Ancora più che sul palco, però, la rivoluzione si fa nella platea che, per la prima volta, non ospita quasi esclusivamente spettatori bianchi e di classe media, ma un pubblico vasto e variegato attratto dalla modernità e dall’inclusività dell’opera.

La scelta di aprire la stagione con “Fire” è arrivata a poco più di sei mesi dalla nomina di Marcia Lynn Sells a prima Chief Diversity Officer, incarico che le permette di creare e modificare i programmi del Met per renderli il più inclusivi possibili. Il suo ruolo potrebbe aver contribuito alla scelta di mettere in atto la produzione di una storia di Charles Blow, scrittore afroamericano, tradotta in opera teatrale da una donna nera, Kasi Lemmons, e composta da Blanchard.
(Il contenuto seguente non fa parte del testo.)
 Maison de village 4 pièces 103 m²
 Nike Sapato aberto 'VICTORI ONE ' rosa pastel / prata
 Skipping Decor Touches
Quello di settembre non è stato il debutto assoluto di “Fire Shut Up in My Bones”: l’opera era entrata in scena al teatro di St. Louis nell’estate del 2019, dove aveva avuto grandissimo successo, attirando già allora l’interesse del Met.
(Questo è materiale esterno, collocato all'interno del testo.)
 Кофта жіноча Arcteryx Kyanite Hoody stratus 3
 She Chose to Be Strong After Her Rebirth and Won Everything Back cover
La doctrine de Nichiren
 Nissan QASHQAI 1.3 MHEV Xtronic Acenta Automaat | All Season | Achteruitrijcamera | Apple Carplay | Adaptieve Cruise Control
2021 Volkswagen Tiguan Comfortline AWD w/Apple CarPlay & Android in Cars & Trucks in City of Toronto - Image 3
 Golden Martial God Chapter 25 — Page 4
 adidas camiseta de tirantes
La storia è un racconto autobiografico che racconta infanzia ed adolescenza dell’autore, Charles Blow, vissuta in Louisiana. Ultimo di cinque figli, a sette anni Charles è un bambino dolce e delicato, desideroso dell’affetto materno che raramente riesce ad ottenere. Nell’opera, la figura del bambino, interpretata dal giovane attore di Broadway Walter Russell III, viene spesso affiancata dal Charles adulto, il baritono Will Liverman. Quest’ultimo si affianca a Char’es-Baby, nomignolo con cui viene chiamato da bambino, per suggerirgli cosa fare, come affrontare le sofferenze che lo attanagliano fin da piccolo.
Verso la fine del primo atto, infatti, Char’es-Baby subisce un abuso sessuale da parte di un lontano cugino, Chester. Ci sono accenni a questa violenza fin dalla prima scena dell’opera, nella quale il Charles adulto, negli anni del college, torna a casa in macchina sperando di sparare a Chester, che lui percepisce come la persona che gli ha rovinato la vita.
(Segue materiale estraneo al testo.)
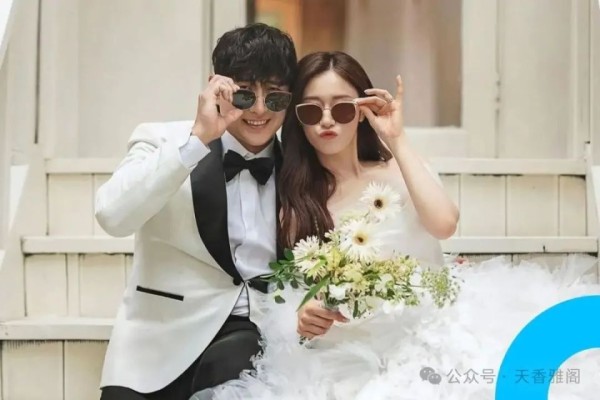 韩国明星超短婚姻震惊粉丝：最短仅12天……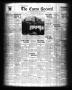 Newspaper: The Cuero Record. (Cuero, Tex.), Vol. 41, No. 58, Ed. 1 Monday, March…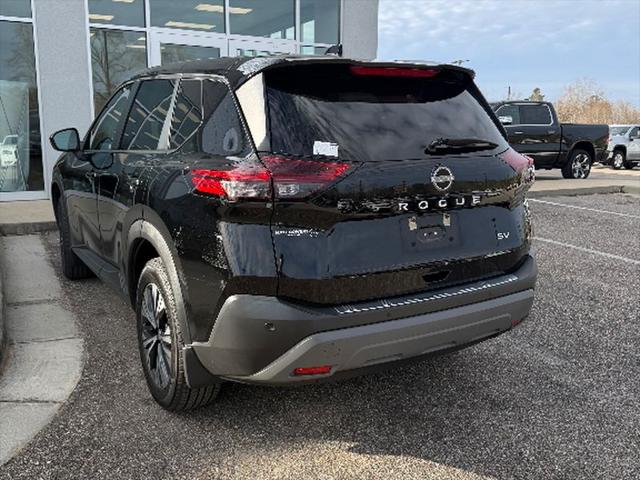 2022 Nissan Rogue SV FWD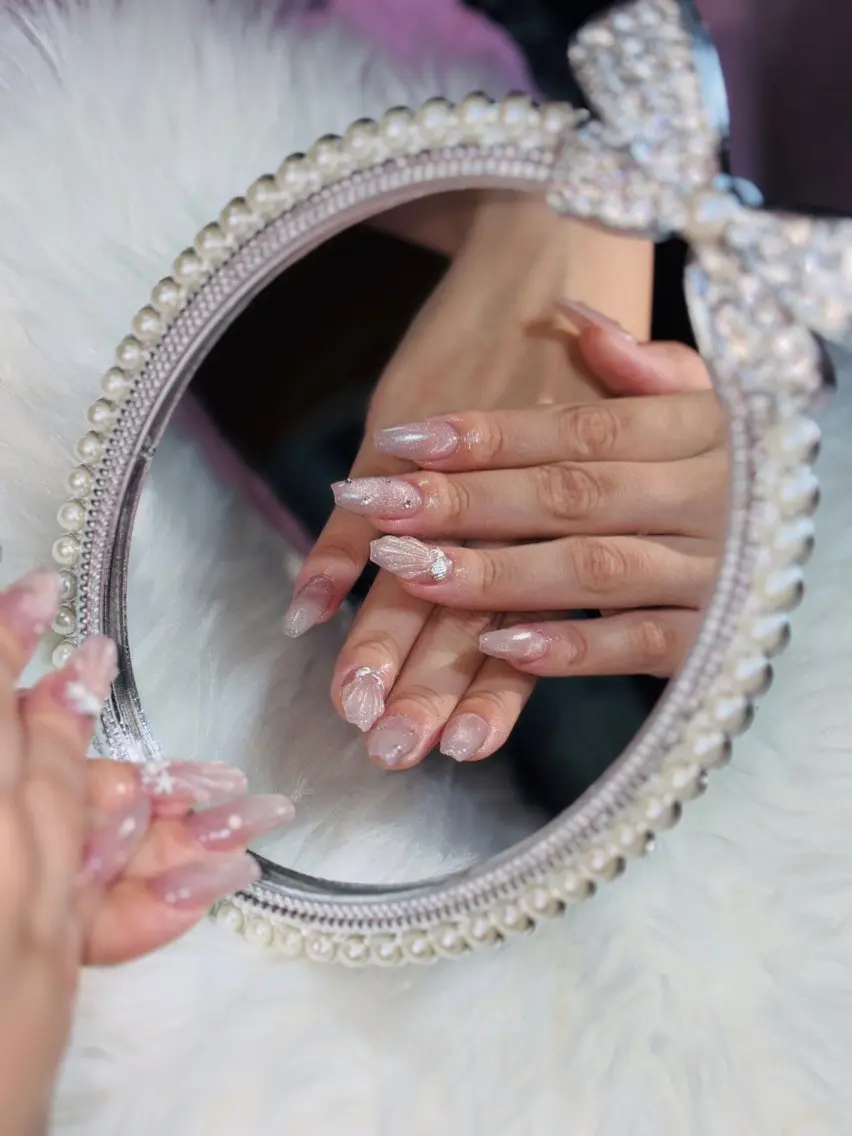 ネイル ハンドネイル nail salon Lilynのネイルデザイン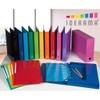 Exacompta Iderama 55821E Portfolio Folder with 3 Flaps and Elastic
Oltre alla sua versione bambina, Charles viene affiancato sulla scena dall’attrice Angel Blue, un soprano che interpreta la solitudine, il destino e il breve interesse amoroso del protagonista, Greta.
“Fire” unisce espedienti tradizionali dell’opera, come la personificazione dei sentimenti o l’affiancare due fasi di vita diverse dello stesso personaggio, ad elementi tipici della cultura afroamericana, che riescono a far ridere ed emozionare il pubblico in sala. Tra questi, la scena del battesimo di Charles, con cui lui vorrebbe espiare i propri peccati e le proprie sofferenze, in cui gli attori esplodono in un ballo con sottofondo gospel.
Anche nell’ultimo atto vediamo un gruppo di ragazzi appartenenti alla confraternita Kappa Alpha Psi, storicamente afroamericana, ballare in maniera sciolta, entusiasmando il pubblico.
Nella scena finale, il Charles bambino prende il controllo, ricordando a quello adulto il principio con cui la madre, Billie, li ha cresciuti: “Sometimes, you gotta leave it in the road”, a volte devi lasciare qualcosa dietro di te. Così Charles resiste alla tentazione di uccidere Chester, si riavvicina alla madre, e inizia una nuova fase della sua vita, che si prospetta finalmente serena.